— Scraped caption text data —
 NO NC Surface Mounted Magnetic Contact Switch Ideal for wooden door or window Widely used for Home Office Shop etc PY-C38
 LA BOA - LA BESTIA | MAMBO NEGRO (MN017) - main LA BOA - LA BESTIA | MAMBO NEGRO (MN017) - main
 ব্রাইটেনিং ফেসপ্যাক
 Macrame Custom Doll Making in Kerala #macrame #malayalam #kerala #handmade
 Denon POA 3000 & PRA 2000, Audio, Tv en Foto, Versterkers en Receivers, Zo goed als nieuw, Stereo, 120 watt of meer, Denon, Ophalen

— WHAT THE TASK REQUIRES —
Each entry should be retyped exactly as given.

— EXERCISE SOLUTION —
 NO NC Surface Mounted Magnetic Contact Switch Ideal for wooden door or window Widely used for Home Office Shop etc PY-C38
 LA BOA - LA BESTIA | MAMBO NEGRO (MN017) - main LA BOA - LA BESTIA | MAMBO NEGRO (MN017) - main
 ব্রাইটেনিং ফেসপ্যাক
 Macrame Custom Doll Making in Kerala #macrame #malayalam #kerala #handmade
 Denon POA 3000 & PRA 2000, Audio, Tv en Foto, Versterkers en Receivers, Zo goed als nieuw, Stereo, 120 watt of meer, Denon, Ophalen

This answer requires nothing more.